_Exercise materials_.

[Start of Attachment]

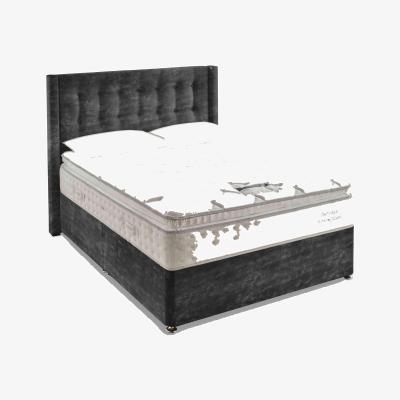 Furniture Village Silentnight - Revitalise Breathe 3000 Pillowtop Divan Set with 2 Drawers - Double - Midnight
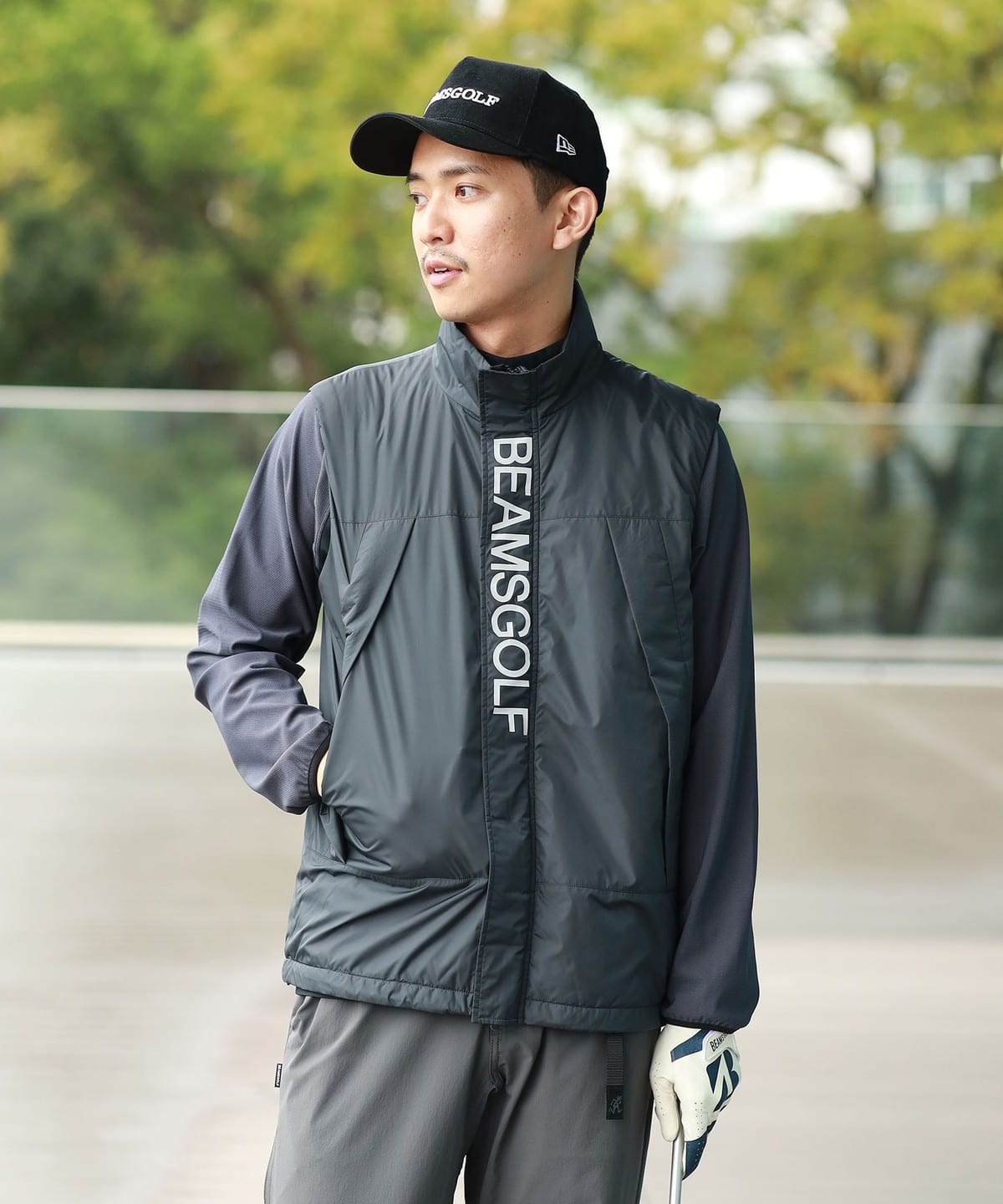 BEAMS GOLF（ビームス ゴルフ）ORANGE LABEL / パッデッド 撥水ベスト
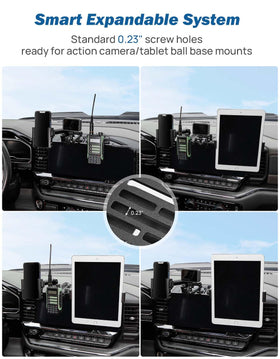 JOYTUTUS side profile showing adjustable arm length for ideal dash clearance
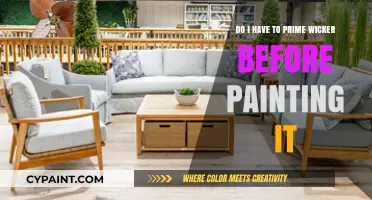 Priming Wicker Before Painting: Is It Necessary?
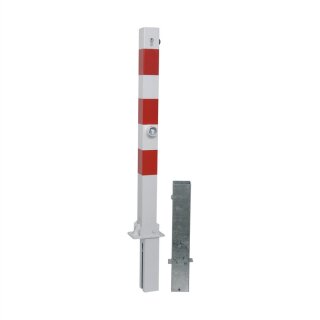 Absperrpfosten Ø 70 x 70mm, eckig, Überflur 900mm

[End of Attachment]

Retype the records in full. Do not carry over the images.

_Written solution_.
 Furniture Village Silentnight - Revitalise Breathe 3000 Pillowtop Divan Set with 2 Drawers - Double - Midnight
 BEAMS GOLF（ビームス ゴルフ）ORANGE LABEL / パッデッド 撥水ベスト
 JOYTUTUS side profile showing adjustable arm length for ideal dash clearance
 Priming Wicker Before Painting: Is It Necessary?
 Absperrpfosten Ø 70 x 70mm, eckig, Überflur 900mm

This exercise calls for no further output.